Um dia, muitos anos depois, confessou que nunca partira tendo em vista conhecer o mundo. Mas pelo milagre de regressar e encontrar as mesmas coisas de sempre.

segunda-feira, dezembro 29, 2003

Louisiana

Foi considerada a melhor forma de prevenir futuros acidentes com armas de fogo: levar as crianças para a carreira de tiro e ensiná-las a disparar tendo em devida atenção as normas de segurança. A segunda fase do curso de aprendizagem, já programada, prevê a continuação do tiro ao alvo e o manuseamento de armas de maior calibre. Sobre a terceira fase não foram até ao momento adiantados pormenores.

Depressões

Talvez seja desta frente oclusa, depressiva, a influenciar a Península. Talvez seja só do calendário. Talvez seja dos autocarros vazios a atravessar as ruas da cidade a caminho não se sabe de quê. Talvez seja das ruas quase desertas. Talvez seja de tudo isso. Talvez seja das aves, muito cedo de manhã, a voar sobre os lagos onde a neblina começa a levantar. Talvez seja da memória longínqua de um muro de pedra, da sombra que uma árvore espalhava sobre o muro. Talvez seja apenas isso: o excessivo silêncio do entardecer.
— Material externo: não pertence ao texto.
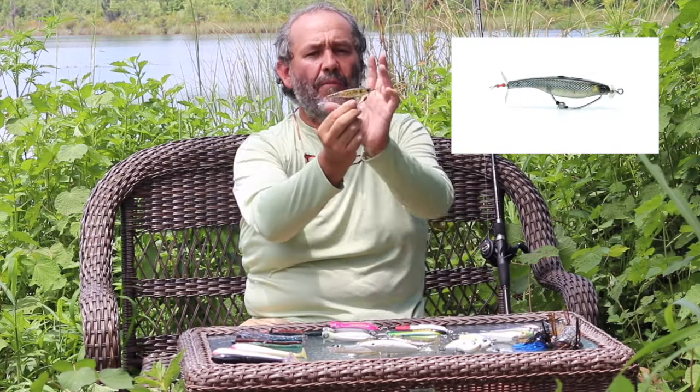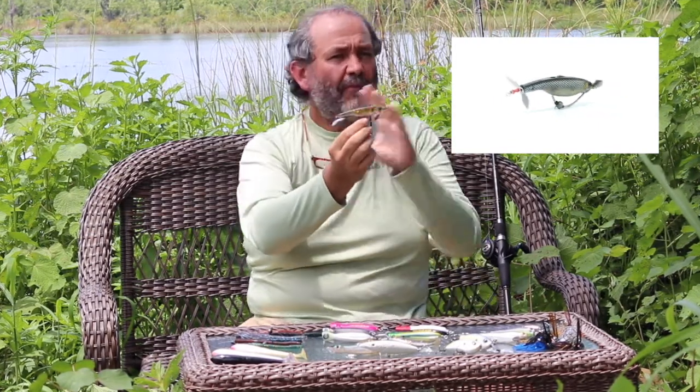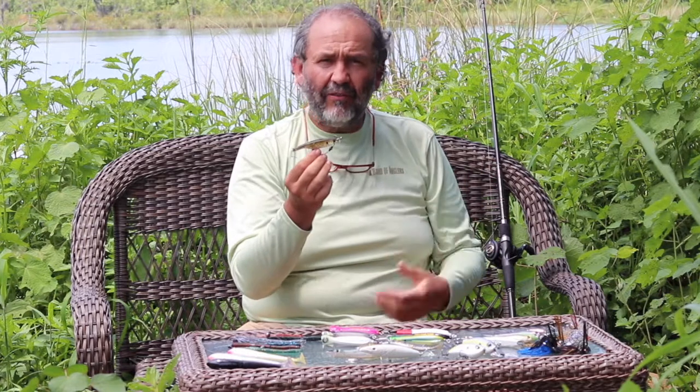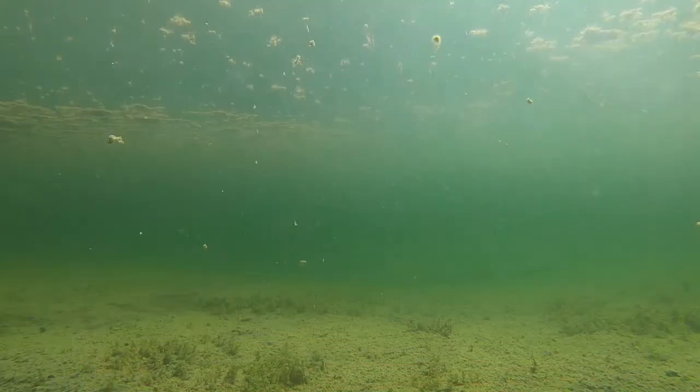The Dart Prop comes in a body similar to the Dart Spin, but with no blade on the tail. You have a propeller on the hook in the front, and also a propeller on the tail. Cast and retrieve, let it sink, fish it at different depths — a little faster it fishes on top, or on the drop.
domingo, dezembro 28, 2003

A avestruz

José António Saraiva, na sua Política à Portuguesa de ontem no Expresso, diz que «movimentos como o da despenalização do aborto» vão no sentido errado. E acrescenta que «ninguém, entre os que defendem a despenalização e os que não a aceitam, quer que as mulheres que abortam sejam condenadas». Se isto fosse para a gente perceber, víamo-nos aflitos.

São dias tristes

Ainda temos a árvore de Natal, mas já não é Natal. É quase fim do ano, mas não é ainda ano novo. Precisamos desesperadamente da noite de 31. Não propriamente para brindar ao novo ano. Mas para nos livrarmos do velho.

O tal canal

A publicidade ao novo canal da RTP, que se chamará 2:, faz-nos temer o pior. Parece que se trata de uma televisão «aberta à sociedade civil». Uma «televisão feita por todos, para todos». Uma televisão que «conta com a participação activa de 50 parceiros dos mais variados quadrantes». Confesso não ficar particularmente arrebatado com os termos do anúncio. Confesso que preferia, em vez de «receber a sociedade em casa», continuar a receber apenas bons documentários, um espaço noticioso decente e filmes de Tati, Kitano, César Monteiro ou Renoir.

Uma conversa triste

Não somos racistas. Nem somos contra as migrações, claro. Temos apenas uma ligeira questão gramatical mal resolvida: os migrantes são bons se forem precedidos do prefixo e. E maus se forem precedidos do prefixo i. De resto somos todos iguais.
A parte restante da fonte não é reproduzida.